There will be points of ramification at the roots of the polynomial (and at infinity in the case of degree $5$). Each point will have a three fold ramification, $r_i=3$ so by the Riemann-Hurewitz formula we have

$$2(1-\gamma)=2(1-g)n-\sum(r_i-1)=2\cdot 3-2\cdot 6=-6$$ so $\gamma =4$ where of course $n=3$ and $g=0$.

Remark that if $f(z)$ is an analytic function and $f(0)\neq 0$ then $\sqrt[n]{f(z)}$ has $n$ distinct well defined branches about zero, corresponding to the $n$ roots of $f(0)$.

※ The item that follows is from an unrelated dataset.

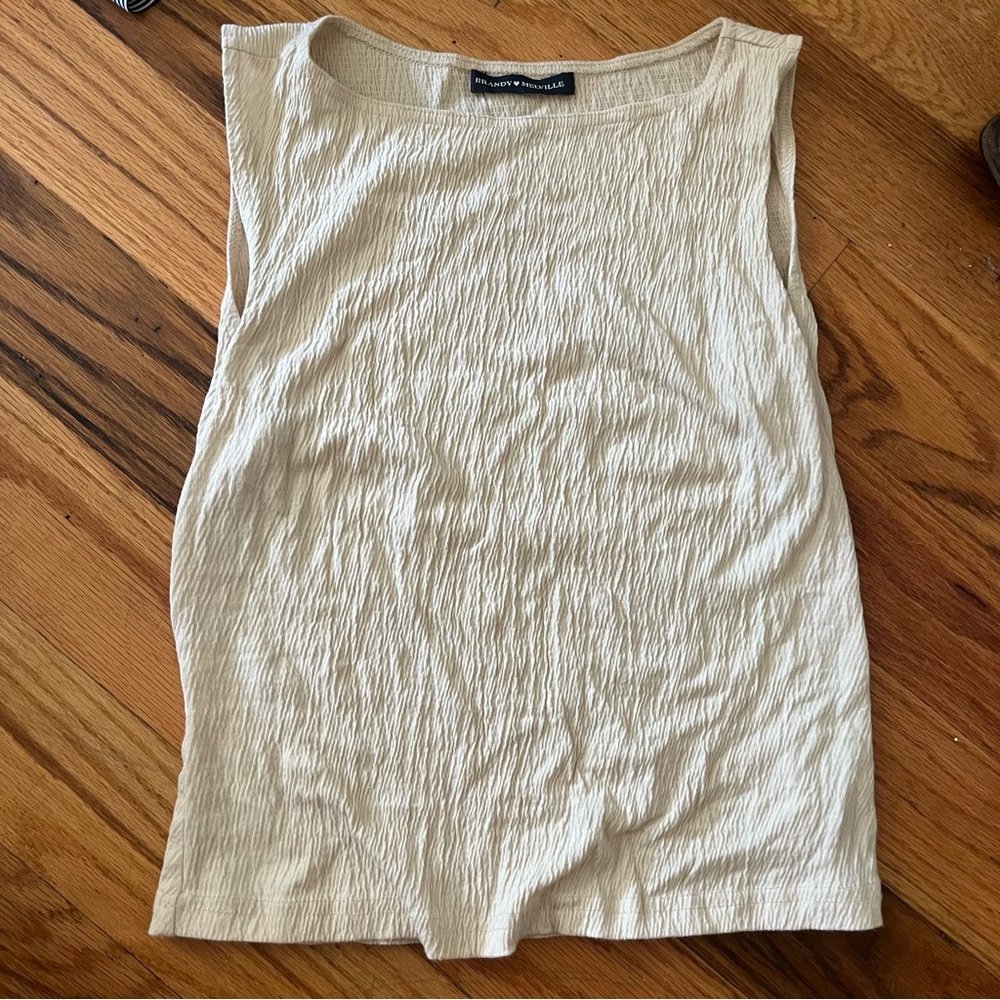 Brandy Melville Cream Crinkle Sleeveless Top/Tank One Size Rare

Now if $f(z)= (z-a)(z-b)(z-c)(z-d)(z-e)(z-f)$ then we can set $z=a+w^3$ and we will get

$$\sqrt[3]{f(z)}=w\sqrt[3]{ (w^3+(a-b)) (w^3+(a-c)) (w^3+(a-d)) (w^3+(a-e)) (w^3+(a-f)) }$$ and the root is well defined about zero by the above remark. so with this coordinatization $y$ is well defined so the ramification is $3$. So the roots of the polynomial are all ramification points, as remarked above.

To investigate infinity set $z=\frac{1}{w}$ then we have

$$y=\frac{1}{w^2}\sqrt[3]{(1-az)(1-bz)(1-cz)(1-dz)(1-ez)(1-fz)}$$ and this is well defined so $z=\frac{1}{w}$ is a cordinatization at $\infty$ and $\infty$ is unramified. The function has a pole of order $2$ here.

If we try the same trick with a $5$th degree polynomial we get

$$y=\frac{\sqrt[3]{w}}{w^2}\sqrt[3]{(1-aw)(1-bw)(1-cw)(1-dw)(1-ew)}$$ we see this is ramified, so we must set $z=\frac{1}{w^3}$ and get

$$y=\frac{1}{w^5}\sqrt[3]{(1-aw^3)(1-bw^3)(1-cw^3)(1-dw^3)(1-ew^3)}$$ which is well defined with a pole of order $5$. In the case of a fifth degree polynomial the point at infinity is ramified, it takes the role of one of the roots.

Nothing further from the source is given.